- _Data in this exercise_

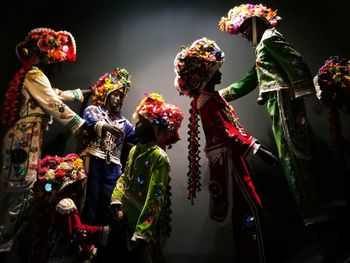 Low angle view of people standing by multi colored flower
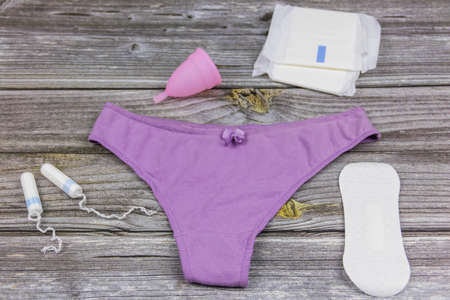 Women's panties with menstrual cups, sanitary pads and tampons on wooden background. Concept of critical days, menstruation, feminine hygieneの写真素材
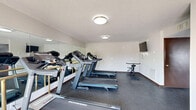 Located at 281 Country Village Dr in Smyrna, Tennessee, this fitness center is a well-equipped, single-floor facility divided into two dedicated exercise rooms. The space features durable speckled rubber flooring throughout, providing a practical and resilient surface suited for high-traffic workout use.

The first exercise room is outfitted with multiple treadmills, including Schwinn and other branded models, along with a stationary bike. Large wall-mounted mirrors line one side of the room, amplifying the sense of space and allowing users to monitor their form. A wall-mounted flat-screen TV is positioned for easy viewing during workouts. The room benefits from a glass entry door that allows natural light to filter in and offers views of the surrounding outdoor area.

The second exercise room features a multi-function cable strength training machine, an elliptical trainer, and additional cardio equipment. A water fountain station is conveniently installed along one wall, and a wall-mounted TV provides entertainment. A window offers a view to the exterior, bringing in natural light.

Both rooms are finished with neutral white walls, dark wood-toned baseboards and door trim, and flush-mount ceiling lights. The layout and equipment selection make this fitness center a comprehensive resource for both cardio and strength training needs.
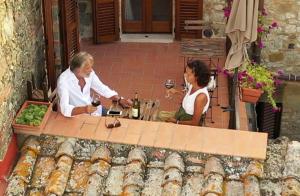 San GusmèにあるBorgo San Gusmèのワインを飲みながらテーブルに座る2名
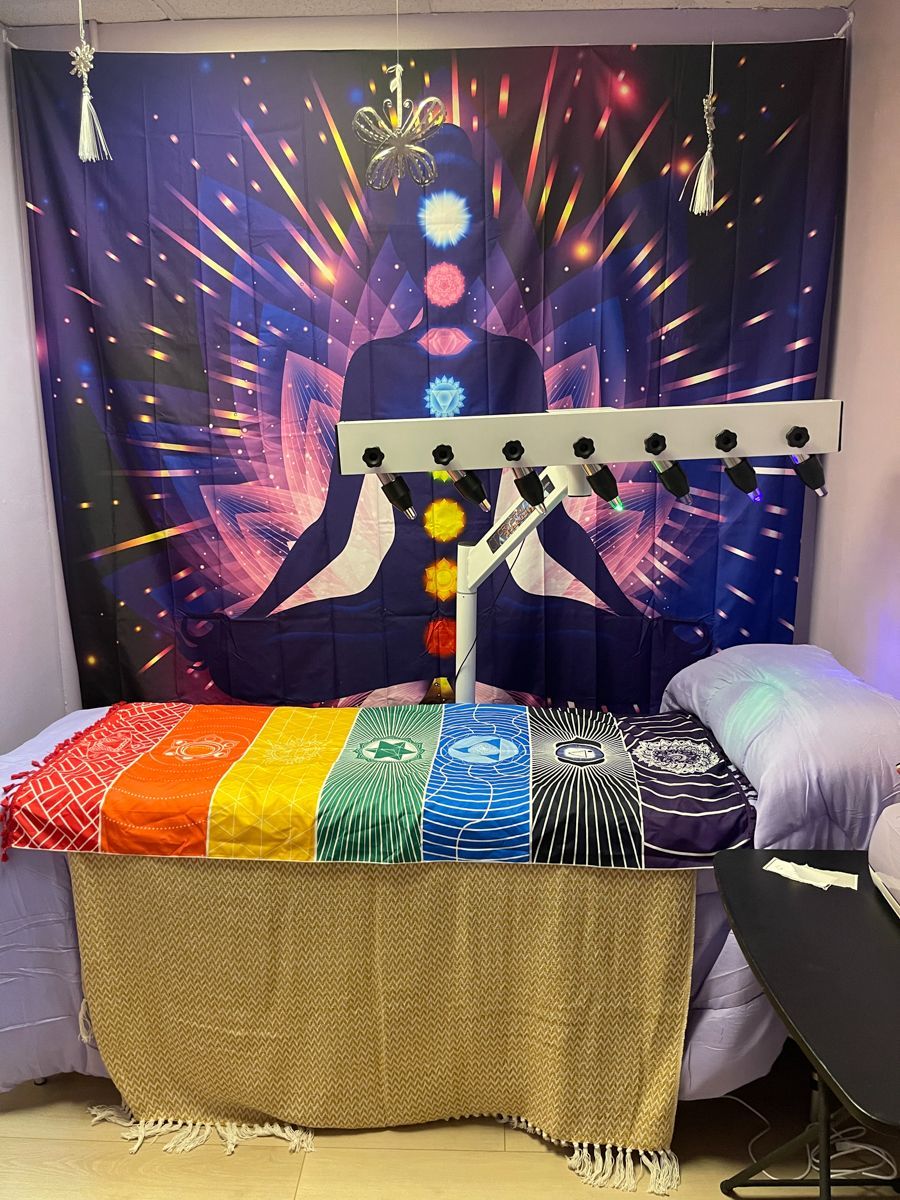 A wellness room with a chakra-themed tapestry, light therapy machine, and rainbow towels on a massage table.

- _Exercise requirements_
Though the entries above contain pictures, none should be copied; reproduce only the lines between the one holding "Located at 281" and the one holding "The first exercise", inclusive, exactly as written.

- _Answer section_
 Located at 281 Country Village Dr in Smyrna, Tennessee, this fitness center is a well-equipped, single-floor facility divided into two dedicated exercise rooms. The space features durable speckled rubber flooring throughout, providing a practical and resilient surface suited for high-traffic workout use.

The first exercise room is outfitted with multiple treadmills, including Schwinn and other branded models, along with a stationary bike. Large wall-mounted mirrors line one side of the room, amplifying the sense of space and allowing users to monitor their form. A wall-mounted flat-screen TV is positioned for easy viewing during workouts. The room benefits from a glass entry door that allows natural light to filter in and offers views of the surrounding outdoor area.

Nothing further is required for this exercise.